Graham still pursued familiar interests. He grew a Hitler moustache and made hundreds of wooden swastikas to wear round his neck. These hardly appear to be the actions of a man being cured of whatever mental illness had afflicted his mind but Graham’s dimwitted doctors believed that in time he would grow out of these adolescent obsessions. Adolescent? Let’s see, thallium, cyanide and Hitler. Yep, sounds like normal adolescent obsessions to me. In June 1970, after nearly eight years in Broadmoor, Dr. Edgar Udwin, the prison psychiatrist, wrote to the home secretary to recommend his release, announcing Graham “is no longer obsessed with poisons, violence and mischief.” Naturally Graham was thrilled, and he sent his sister news of his impending release. “Your friendly neighborhood Frankenstein will soon be at liberty,” he joked. One of Graham’s nurses questioned the wisdom of letting this man walk the streets. Not long before his release he told her: “When I get out, I’m going to kill one person for every year I’ve spent in this place.” Incredibly, this comment never reached the ears of the relevant authorities, despite being taken down on file at the time. Broadmoor must be the most incompetent mental institution in all of England.
Friendly Neighborhood Storekeeper
Within a week of his release, Graham began training as a storekeeper in Slough, and moved into a hostel. Soon after his arrival, though, fellow hostel resident Trevor Sparkes, 34, experienced sharp abdominal cramps and sickness. Graham suggested a glass of wine might help. That only seemed to make his symptoms get worse. His face swelled, and the vomiting increased, along with diarrhea and strange scrotal pains. Doctors couldn’t find a satisfactory explanation, but he would continue feeling what he described as “diabolical pains” for years afterwards, and never played soccer again. Around the same time another man claimed to have had a drink with an intense young fellow obsessed with chemicals and poisons, and later committed suicide because of the incessant pain he experienced. Graham got a job as a store clerk at a photographic firm in Bovingdon, Hertfordshire. When they asked for references, they were referred to the Broadmoor psychiatrist Dr Udwin, who wrote back assuring them that although Young had suffered “a deepgoing personality disorder,” he had now made “an extremely full recovery.” No mention of his erstwhile predilection for poisons, which might have been relevant considering highly toxic chemicals were used on the company premises. Dr. Udwin, you silly quack.
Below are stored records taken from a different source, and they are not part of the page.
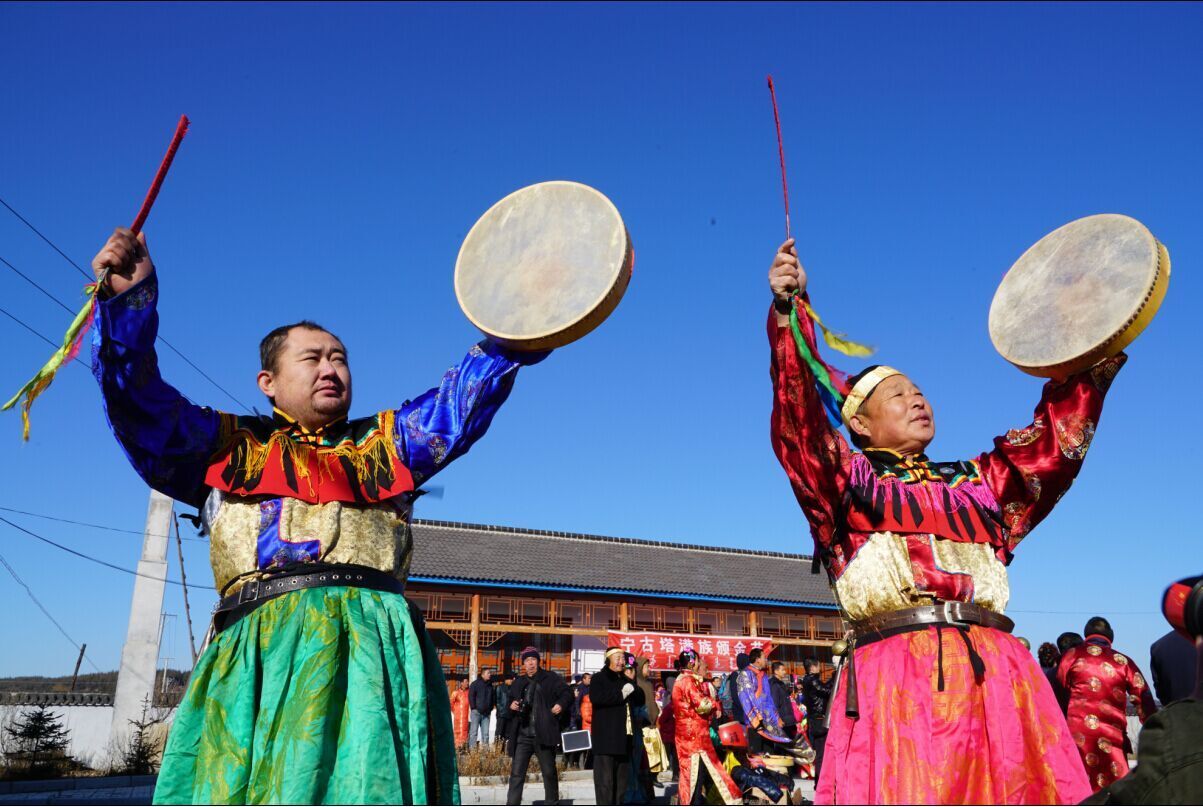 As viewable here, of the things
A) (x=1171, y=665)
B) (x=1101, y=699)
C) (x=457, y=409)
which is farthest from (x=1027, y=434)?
(x=1101, y=699)

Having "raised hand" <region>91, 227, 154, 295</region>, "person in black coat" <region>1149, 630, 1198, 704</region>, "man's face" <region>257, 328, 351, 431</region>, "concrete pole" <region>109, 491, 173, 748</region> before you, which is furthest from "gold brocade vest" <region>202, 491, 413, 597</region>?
"concrete pole" <region>109, 491, 173, 748</region>

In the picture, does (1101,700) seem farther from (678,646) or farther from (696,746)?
(678,646)

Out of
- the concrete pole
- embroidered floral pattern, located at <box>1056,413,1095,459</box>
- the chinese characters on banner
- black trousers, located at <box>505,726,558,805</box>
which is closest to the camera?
embroidered floral pattern, located at <box>1056,413,1095,459</box>

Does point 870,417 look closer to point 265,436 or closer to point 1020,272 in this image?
point 1020,272

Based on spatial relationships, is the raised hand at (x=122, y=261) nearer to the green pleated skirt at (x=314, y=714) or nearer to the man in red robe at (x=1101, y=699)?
the green pleated skirt at (x=314, y=714)

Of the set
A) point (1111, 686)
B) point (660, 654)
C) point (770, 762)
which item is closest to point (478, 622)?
point (660, 654)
Graham was still insistent on extolling the virtues of Adolf Hitler, and on this occasion ranted on about a “final solution” style approach to the troubles in Northern Ireland, which were reaching a peak around that time. “Cured” he may have been. A deeply odd individual he remained. He returned to his old family home in Neasden, introducing himself to neighbors he had known as a teenager. He made a point of visiting his old school headmaster. and seemed much keener to remind him of his notorious past crimes than to boast about his rehabilitation. As it turned out, the new recruit at John Hadland Ltd. had no need to avail himself of the toxic substances available on site. He had been to London armed with the same fake ID of “M.E. Evans” and bought a new batch of “antimony potassium tartrate“ and thallium from a West End chemist. Within days of starting work at Bovingdon, the new boy happily accepted the job of making tea for his workmates.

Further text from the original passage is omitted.